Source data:
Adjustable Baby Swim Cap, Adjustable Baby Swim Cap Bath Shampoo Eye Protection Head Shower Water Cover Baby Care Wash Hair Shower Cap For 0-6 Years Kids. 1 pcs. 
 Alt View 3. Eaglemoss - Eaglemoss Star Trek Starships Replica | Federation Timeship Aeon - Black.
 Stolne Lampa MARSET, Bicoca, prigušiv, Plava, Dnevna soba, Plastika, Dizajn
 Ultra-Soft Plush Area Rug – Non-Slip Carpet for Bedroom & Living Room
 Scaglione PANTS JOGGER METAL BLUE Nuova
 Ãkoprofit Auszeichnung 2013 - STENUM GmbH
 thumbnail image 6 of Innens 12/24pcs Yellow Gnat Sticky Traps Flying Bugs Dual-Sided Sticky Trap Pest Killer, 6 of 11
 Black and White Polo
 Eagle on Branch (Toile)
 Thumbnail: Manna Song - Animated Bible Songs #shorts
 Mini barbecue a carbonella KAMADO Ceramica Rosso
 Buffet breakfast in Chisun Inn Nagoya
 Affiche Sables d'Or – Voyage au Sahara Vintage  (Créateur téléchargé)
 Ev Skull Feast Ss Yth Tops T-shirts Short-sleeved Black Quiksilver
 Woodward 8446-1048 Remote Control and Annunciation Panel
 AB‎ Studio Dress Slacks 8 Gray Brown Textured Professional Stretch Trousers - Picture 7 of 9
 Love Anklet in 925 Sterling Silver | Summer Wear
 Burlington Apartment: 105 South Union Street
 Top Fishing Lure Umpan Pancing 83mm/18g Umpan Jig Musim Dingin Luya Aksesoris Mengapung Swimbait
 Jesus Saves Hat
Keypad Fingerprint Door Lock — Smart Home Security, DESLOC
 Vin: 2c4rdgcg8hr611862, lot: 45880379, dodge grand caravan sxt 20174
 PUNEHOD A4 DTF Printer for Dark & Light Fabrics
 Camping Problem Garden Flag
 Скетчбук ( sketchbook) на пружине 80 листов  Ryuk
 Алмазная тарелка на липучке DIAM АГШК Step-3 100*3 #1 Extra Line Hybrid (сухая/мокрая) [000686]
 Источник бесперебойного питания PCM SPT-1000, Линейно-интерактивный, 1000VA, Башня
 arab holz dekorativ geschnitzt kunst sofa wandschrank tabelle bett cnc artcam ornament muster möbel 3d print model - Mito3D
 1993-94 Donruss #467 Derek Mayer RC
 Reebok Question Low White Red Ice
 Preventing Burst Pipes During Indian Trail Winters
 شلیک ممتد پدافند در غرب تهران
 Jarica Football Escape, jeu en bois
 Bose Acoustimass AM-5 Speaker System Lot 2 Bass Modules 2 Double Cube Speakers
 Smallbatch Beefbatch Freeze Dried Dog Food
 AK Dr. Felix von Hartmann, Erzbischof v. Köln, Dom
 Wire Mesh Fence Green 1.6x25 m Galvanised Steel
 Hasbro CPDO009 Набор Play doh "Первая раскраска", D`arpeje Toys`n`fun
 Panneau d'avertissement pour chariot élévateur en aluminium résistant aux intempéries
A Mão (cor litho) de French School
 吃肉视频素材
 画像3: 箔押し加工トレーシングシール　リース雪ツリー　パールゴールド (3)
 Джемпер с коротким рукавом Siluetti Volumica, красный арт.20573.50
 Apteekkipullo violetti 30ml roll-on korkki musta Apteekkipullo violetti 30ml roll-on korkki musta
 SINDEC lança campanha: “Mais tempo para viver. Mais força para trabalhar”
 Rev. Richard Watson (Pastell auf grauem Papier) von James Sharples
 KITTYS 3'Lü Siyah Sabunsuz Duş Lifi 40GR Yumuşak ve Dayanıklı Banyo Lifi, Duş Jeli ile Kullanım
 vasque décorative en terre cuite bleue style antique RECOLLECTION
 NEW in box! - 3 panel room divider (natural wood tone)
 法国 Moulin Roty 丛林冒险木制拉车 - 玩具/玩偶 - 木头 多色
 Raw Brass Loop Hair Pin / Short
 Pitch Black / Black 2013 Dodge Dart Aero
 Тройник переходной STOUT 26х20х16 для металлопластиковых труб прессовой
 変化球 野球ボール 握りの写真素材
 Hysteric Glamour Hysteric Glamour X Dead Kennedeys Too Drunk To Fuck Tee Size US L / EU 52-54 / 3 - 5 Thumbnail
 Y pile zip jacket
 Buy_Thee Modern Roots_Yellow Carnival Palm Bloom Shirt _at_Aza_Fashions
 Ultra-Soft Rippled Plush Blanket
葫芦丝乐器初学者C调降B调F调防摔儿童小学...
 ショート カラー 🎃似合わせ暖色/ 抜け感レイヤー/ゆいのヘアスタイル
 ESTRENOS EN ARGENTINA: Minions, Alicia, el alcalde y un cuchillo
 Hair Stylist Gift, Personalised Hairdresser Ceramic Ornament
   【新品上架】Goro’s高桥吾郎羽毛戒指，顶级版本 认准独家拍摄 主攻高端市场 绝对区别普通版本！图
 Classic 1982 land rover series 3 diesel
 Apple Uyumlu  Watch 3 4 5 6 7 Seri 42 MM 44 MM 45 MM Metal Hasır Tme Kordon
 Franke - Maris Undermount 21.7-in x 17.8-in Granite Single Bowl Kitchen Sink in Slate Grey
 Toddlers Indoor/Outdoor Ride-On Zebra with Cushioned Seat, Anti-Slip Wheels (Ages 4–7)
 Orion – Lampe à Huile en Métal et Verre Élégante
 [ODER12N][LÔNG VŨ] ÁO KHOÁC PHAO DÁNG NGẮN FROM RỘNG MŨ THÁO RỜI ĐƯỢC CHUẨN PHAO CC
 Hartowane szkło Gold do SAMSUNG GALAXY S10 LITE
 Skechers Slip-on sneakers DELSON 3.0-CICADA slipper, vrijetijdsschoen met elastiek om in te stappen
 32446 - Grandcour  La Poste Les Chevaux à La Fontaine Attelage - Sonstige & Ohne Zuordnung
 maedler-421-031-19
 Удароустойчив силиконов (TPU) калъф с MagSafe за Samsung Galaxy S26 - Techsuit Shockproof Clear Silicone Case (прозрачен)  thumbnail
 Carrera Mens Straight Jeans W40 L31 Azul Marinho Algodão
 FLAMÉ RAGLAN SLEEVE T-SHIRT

WHAT IS REQUIRED:
What is needed is a verbatim copy of every line in the records above from the one containing "Woodward 8446-1048 Remote" down to the one containing "vasque décorative en", both included, and nothing more.

REPLY:
 Woodward 8446-1048 Remote Control and Annunciation Panel
 AB‎ Studio Dress Slacks 8 Gray Brown Textured Professional Stretch Trousers - Picture 7 of 9
 Love Anklet in 925 Sterling Silver | Summer Wear
 Burlington Apartment: 105 South Union Street
 Top Fishing Lure Umpan Pancing 83mm/18g Umpan Jig Musim Dingin Luya Aksesoris Mengapung Swimbait
 Jesus Saves Hat
Keypad Fingerprint Door Lock — Smart Home Security, DESLOC
 Vin: 2c4rdgcg8hr611862, lot: 45880379, dodge grand caravan sxt 20174
 PUNEHOD A4 DTF Printer for Dark & Light Fabrics
 Camping Problem Garden Flag
 Скетчбук ( sketchbook) на пружине 80 листов  Ryuk
 Алмазная тарелка на липучке DIAM АГШК Step-3 100*3 #1 Extra Line Hybrid (сухая/мокрая) [000686]
 Источник бесперебойного питания PCM SPT-1000, Линейно-интерактивный, 1000VA, Башня
 arab holz dekorativ geschnitzt kunst sofa wandschrank tabelle bett cnc artcam ornament muster möbel 3d print model - Mito3D
 1993-94 Donruss #467 Derek Mayer RC
 Reebok Question Low White Red Ice
 Preventing Burst Pipes During Indian Trail Winters
 شلیک ممتد پدافند در غرب تهران
 Jarica Football Escape, jeu en bois
 Bose Acoustimass AM-5 Speaker System Lot 2 Bass Modules 2 Double Cube Speakers
 Smallbatch Beefbatch Freeze Dried Dog Food
 AK Dr. Felix von Hartmann, Erzbischof v. Köln, Dom
 Wire Mesh Fence Green 1.6x25 m Galvanised Steel
 Hasbro CPDO009 Набор Play doh "Первая раскраска", D`arpeje Toys`n`fun
 Panneau d'avertissement pour chariot élévateur en aluminium résistant aux intempéries
A Mão (cor litho) de French School
 吃肉视频素材
 画像3: 箔押し加工トレーシングシール　リース雪ツリー　パールゴールド (3)
 Джемпер с коротким рукавом Siluetti Volumica, красный арт.20573.50
 Apteekkipullo violetti 30ml roll-on korkki musta Apteekkipullo violetti 30ml roll-on korkki musta
 SINDEC lança campanha: “Mais tempo para viver. Mais força para trabalhar”
 Rev. Richard Watson (Pastell auf grauem Papier) von James Sharples
 KITTYS 3'Lü Siyah Sabunsuz Duş Lifi 40GR Yumuşak ve Dayanıklı Banyo Lifi, Duş Jeli ile Kullanım
 vasque décorative en terre cuite bleue style antique RECOLLECTION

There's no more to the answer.